The son of Jewish merchants, Bodanzky studied the violin and composition with Alexander Zemlinsky. Bodanzky then became conducting assistant to Gustav Mahler in Vienna, later going on to jobs in Berlin, the Neues Deutsches Theater in Prague (August 1907), where he was briefly a colleague of Otto Klemperer and Mannheim. In 1915 he emigrated to the United States to work for the Metropolitan Opera, being replaced at Mannheim by Wilhelm Furtwängler.

He was head of German repertory at the Met, being accepted by Arturo Toscanini on the recommendation of Ferruccio Busoni. In 1921 he was engaged by the New York Philharmonic as a guest conductor. In 1928, Bodanzky announced his resignation from the Met and was replaced by Joseph Rosenstock. However, Rosenstock received such criticism in the press that he himself resigned almost immediately on medical advice, and Bodanzky was rehired, and remained at the Met until his death in 1939. He was approached by Thomas Beecham to conduct at Covent Garden in 1936, but his requested fee of £250 for each performance was considered exorbitant.

== Conducting style and critical reception ==
When he was appointed to his position at Mannheim Bodanzky was praised as a "mature and diligent" conductor" with "only one deficiency: a certain heavy-handedness, a predilection for ritardando". However, later in his career at the Met Bodanzky became "notorious for his rapid tempi, particularly in Wagner". Bodanzky reputedly introduced more cuts in operas he prepared than many other contemporary conductors, and it was sometimes suggested that he was eager to
finish the opera in time to play cards. H. L. Mencken criticized his abilities as a symphonic conductor, saying that "he gave an impression of being unfamiliar with what he was there to direct".

Many recordings survive of Bodanzky's Met broadcasts (some of which, for legal reasons, are not available in the United States). These include the very earliest Met broadcasts to survive, from 1933 and 1934, featuring substantial fragments of soprano Frida Leider in Die Walküre and Tristan und Isolde. From the recordings, it becomes apparent that Bodanzky's tempi fluctuate greatly, sometimes very fast, sometimes quite slow. In this practice, he is not far from the live recordings of such contemporaries as Albert Coates, Fritz Reiner, and Furtwängler. As to the matter of cuts, it was the almost invariable practice in opera houses outside Bayreuth at that time. Bodanzky compares favorably with both Furtwängler and Reiner in this respect. In 1944, Szell gave a broadcast performance of Die Walküre which has been reissued on CD and which, as regards fast tempi and severity of cuts, is comparable to anything of Bodanzky's.

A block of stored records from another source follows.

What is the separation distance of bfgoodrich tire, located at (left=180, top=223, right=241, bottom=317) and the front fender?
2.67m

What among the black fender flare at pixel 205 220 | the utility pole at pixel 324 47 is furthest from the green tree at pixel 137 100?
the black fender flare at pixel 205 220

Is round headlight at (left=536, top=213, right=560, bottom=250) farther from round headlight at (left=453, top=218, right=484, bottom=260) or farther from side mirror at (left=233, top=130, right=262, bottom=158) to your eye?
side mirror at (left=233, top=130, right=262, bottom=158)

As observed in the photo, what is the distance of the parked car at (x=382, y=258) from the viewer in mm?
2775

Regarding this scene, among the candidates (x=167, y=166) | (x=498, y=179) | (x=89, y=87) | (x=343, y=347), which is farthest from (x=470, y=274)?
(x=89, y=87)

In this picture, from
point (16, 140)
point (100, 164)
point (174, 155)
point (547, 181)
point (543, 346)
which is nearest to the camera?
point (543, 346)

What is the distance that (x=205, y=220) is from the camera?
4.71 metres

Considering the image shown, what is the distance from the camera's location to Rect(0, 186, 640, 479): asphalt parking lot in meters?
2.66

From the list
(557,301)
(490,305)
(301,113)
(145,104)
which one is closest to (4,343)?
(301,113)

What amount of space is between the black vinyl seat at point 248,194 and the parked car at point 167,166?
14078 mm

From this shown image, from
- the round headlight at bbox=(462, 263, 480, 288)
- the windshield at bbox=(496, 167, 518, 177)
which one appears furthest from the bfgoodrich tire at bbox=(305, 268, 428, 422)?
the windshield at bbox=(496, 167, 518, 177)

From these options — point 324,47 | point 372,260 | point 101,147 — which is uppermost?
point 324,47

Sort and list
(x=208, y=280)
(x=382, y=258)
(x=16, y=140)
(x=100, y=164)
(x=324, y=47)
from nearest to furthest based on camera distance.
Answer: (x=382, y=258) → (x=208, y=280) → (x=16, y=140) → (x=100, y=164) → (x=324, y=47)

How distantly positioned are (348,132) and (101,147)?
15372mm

Frida Leider praised Bodanzky's "outstanding artistry" in her autobiography, written after Bodanzky's death. Arturo Toscanini, who had supported Bodansky's appointment to the Met, was reportedly saddened by his death.

== Family ==
Artur was the brother of the noted journalist and playwright Robert Bodanzky.

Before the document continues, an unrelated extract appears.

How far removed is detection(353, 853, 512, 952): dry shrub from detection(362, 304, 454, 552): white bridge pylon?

His daughter Elizabeth Bodanzky (1910–1967) is the namesake of the William and Elizabeth (Bodanzky) Muschenheim House, a National Register of Historic Places-listed Modern-style house in Ann Arbor, Michigan, along with her husband William Muschenheim (1902–1992; m. 1930).

== Bibliography ==
- Beaumont, Anthony (2000). "Zemlinsky"
- Horowitz, Joseph (2005). "Classical Music in America: A History of Its Rise and Fall"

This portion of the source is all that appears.